> _Exercise material_:
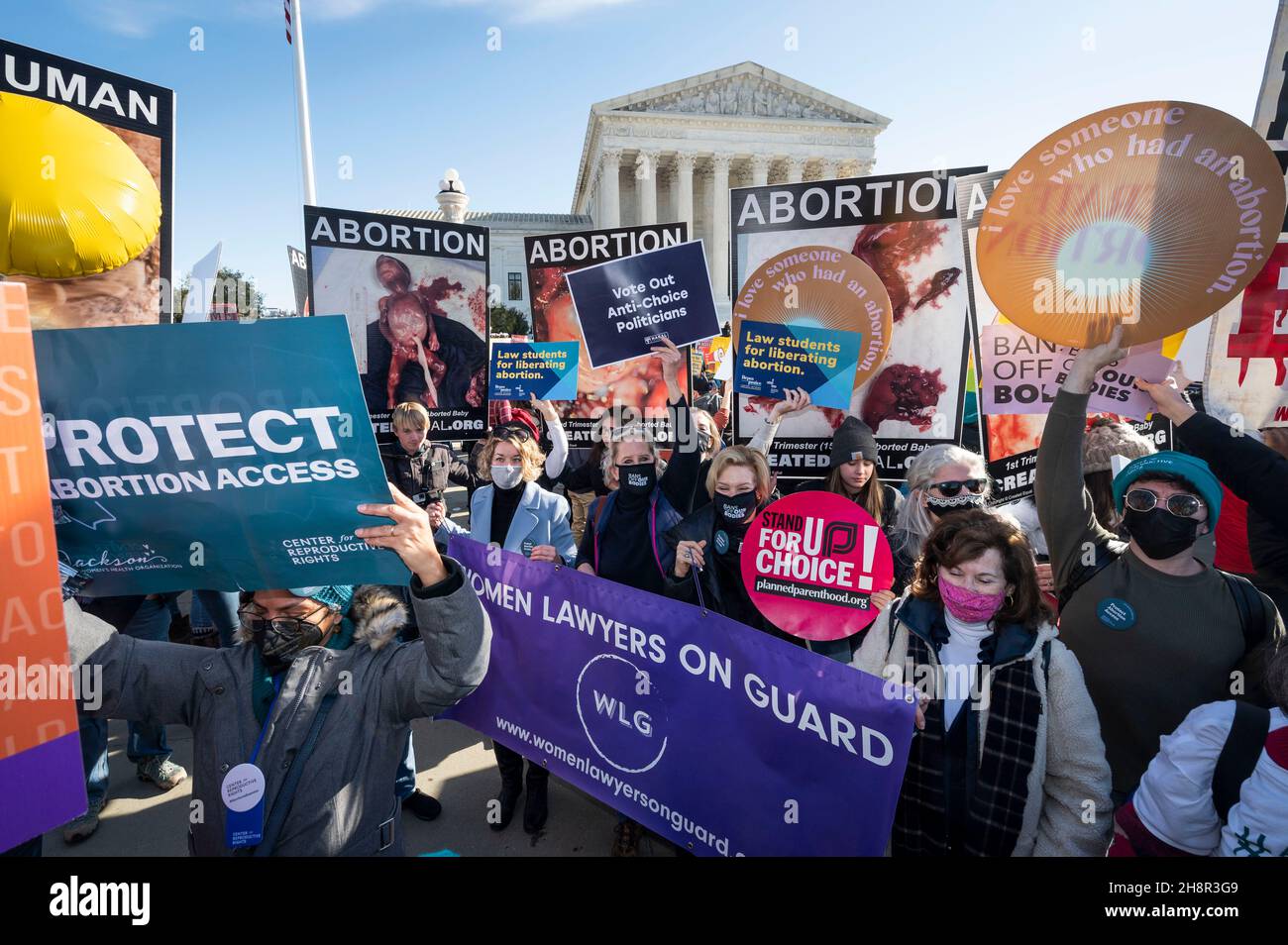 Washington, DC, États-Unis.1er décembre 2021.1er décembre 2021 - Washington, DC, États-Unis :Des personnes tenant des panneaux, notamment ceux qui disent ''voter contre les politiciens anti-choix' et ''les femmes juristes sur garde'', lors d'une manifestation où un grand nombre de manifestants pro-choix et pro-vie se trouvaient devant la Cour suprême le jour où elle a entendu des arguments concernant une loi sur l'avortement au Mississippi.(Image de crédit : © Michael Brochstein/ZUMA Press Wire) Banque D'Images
...
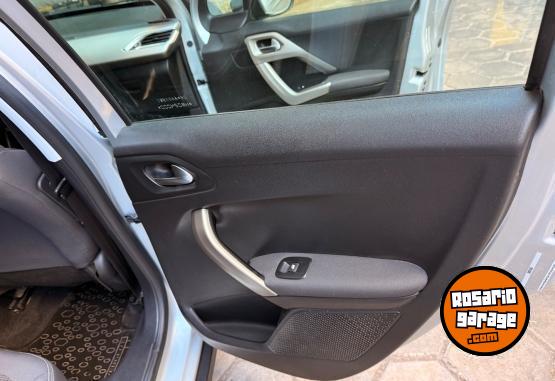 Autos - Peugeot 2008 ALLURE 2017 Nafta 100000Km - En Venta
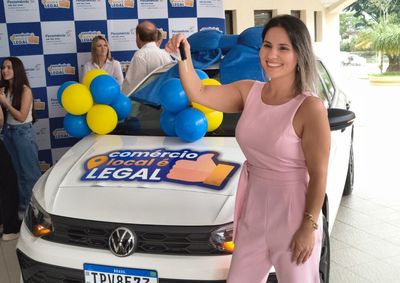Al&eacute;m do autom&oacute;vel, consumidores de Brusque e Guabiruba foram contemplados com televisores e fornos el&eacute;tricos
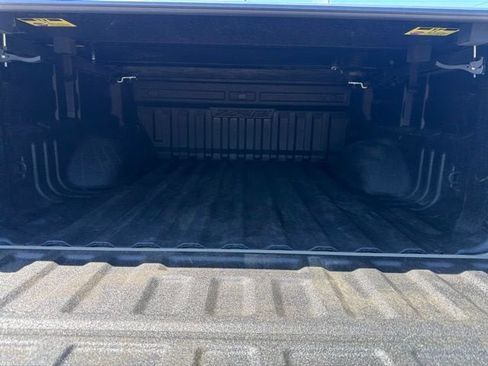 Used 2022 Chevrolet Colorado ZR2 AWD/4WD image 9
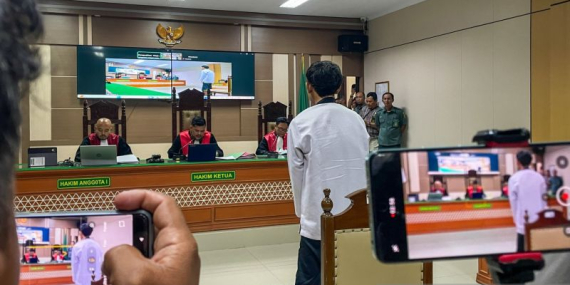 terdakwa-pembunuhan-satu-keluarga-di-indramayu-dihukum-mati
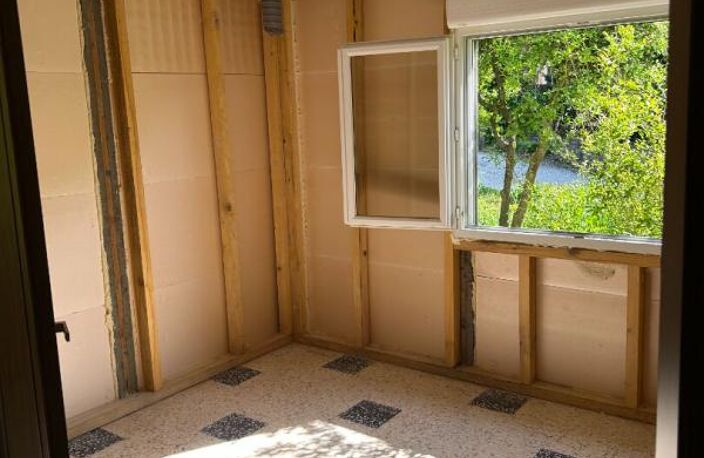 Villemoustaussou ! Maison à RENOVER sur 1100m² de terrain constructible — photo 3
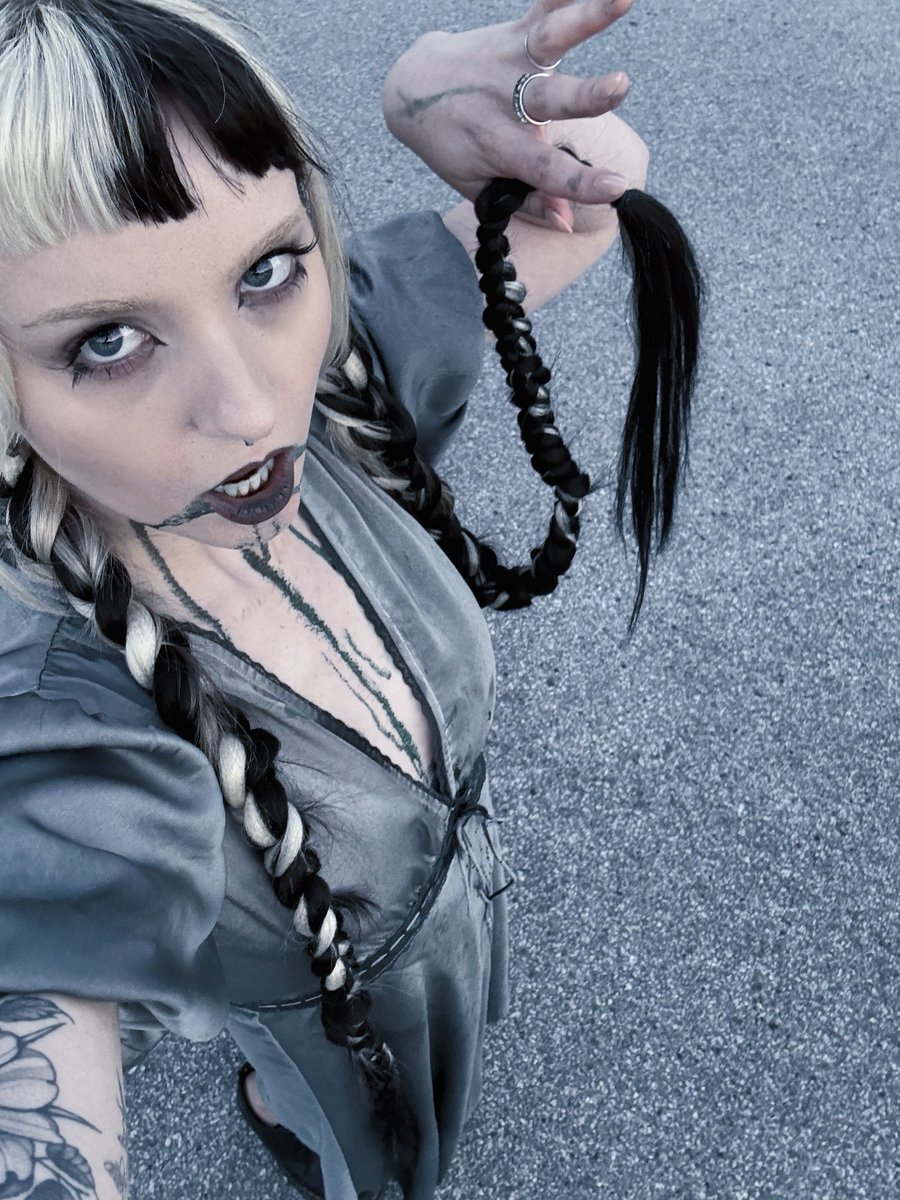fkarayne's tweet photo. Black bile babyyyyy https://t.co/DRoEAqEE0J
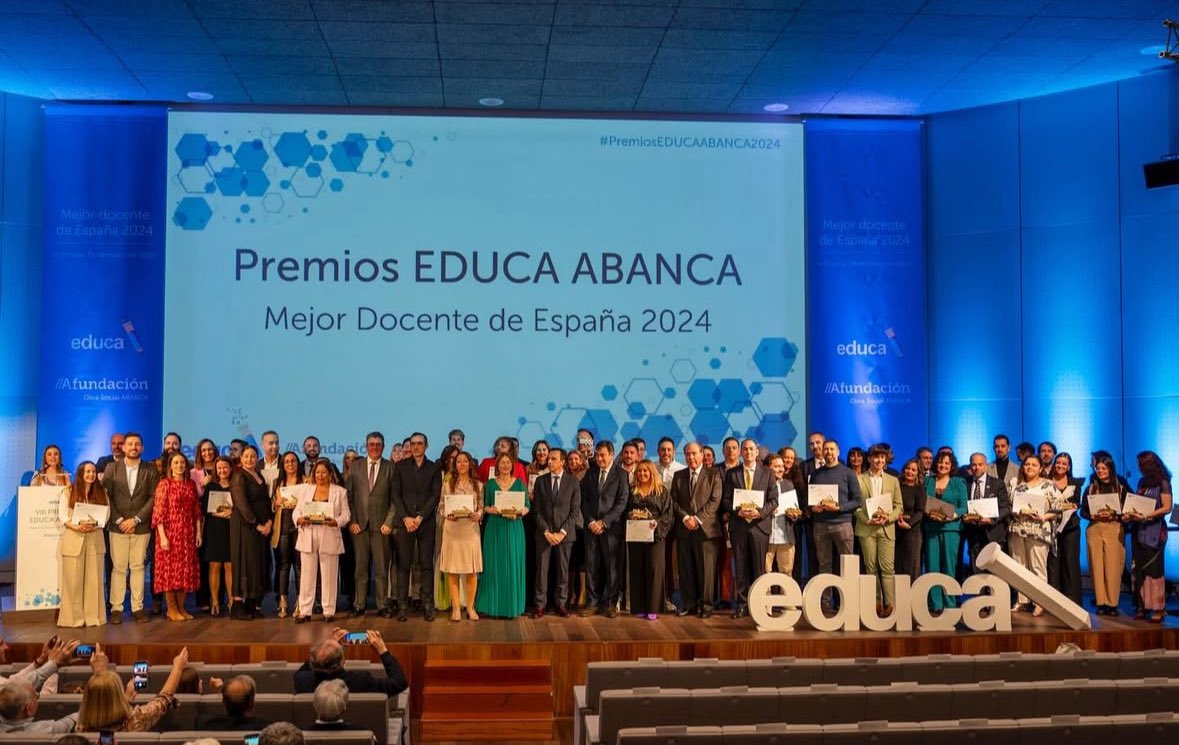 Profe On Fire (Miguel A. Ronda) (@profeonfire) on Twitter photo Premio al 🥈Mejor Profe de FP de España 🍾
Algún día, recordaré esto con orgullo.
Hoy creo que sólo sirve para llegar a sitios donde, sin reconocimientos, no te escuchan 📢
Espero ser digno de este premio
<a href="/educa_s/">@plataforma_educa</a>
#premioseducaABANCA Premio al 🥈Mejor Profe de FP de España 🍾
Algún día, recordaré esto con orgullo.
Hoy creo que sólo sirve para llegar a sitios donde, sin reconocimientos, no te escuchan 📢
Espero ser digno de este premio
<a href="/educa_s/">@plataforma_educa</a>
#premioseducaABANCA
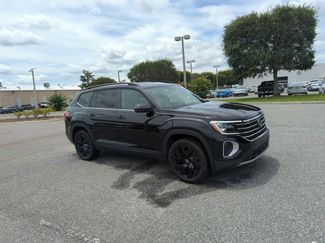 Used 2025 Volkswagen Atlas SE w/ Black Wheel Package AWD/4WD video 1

> _Exercise goal_:
Write out exactly the lines above between the one with "Al&eacute;m do autom&oacute;vel, consumidores" and the one with "Used 2025 Volkswagen", inclusive, with pictures left out.

> _Result of the task_:
Al&eacute;m do autom&oacute;vel, consumidores de Brusque e Guabiruba foram contemplados com televisores e fornos el&eacute;tricos
 Used 2022 Chevrolet Colorado ZR2 AWD/4WD image 9
 terdakwa-pembunuhan-satu-keluarga-di-indramayu-dihukum-mati
 Villemoustaussou ! Maison à RENOVER sur 1100m² de terrain constructible — photo 3
fkarayne's tweet photo. Black bile babyyyyy https://t.co/DRoEAqEE0J
 Profe On Fire (Miguel A. Ronda) (@profeonfire) on Twitter photo Premio al 🥈Mejor Profe de FP de España 🍾
Algún día, recordaré esto con orgullo.
Hoy creo que sólo sirve para llegar a sitios donde, sin reconocimientos, no te escuchan 📢
Espero ser digno de este premio
<a href="/educa_s/">@plataforma_educa</a>
#premioseducaABANCA Premio al 🥈Mejor Profe de FP de España 🍾
Algún día, recordaré esto con orgullo.
Hoy creo que sólo sirve para llegar a sitios donde, sin reconocimientos, no te escuchan 📢
Espero ser digno de este premio
<a href="/educa_s/">@plataforma_educa</a>
#premioseducaABANCA
 Used 2025 Volkswagen Atlas SE w/ Black Wheel Package AWD/4WD video 1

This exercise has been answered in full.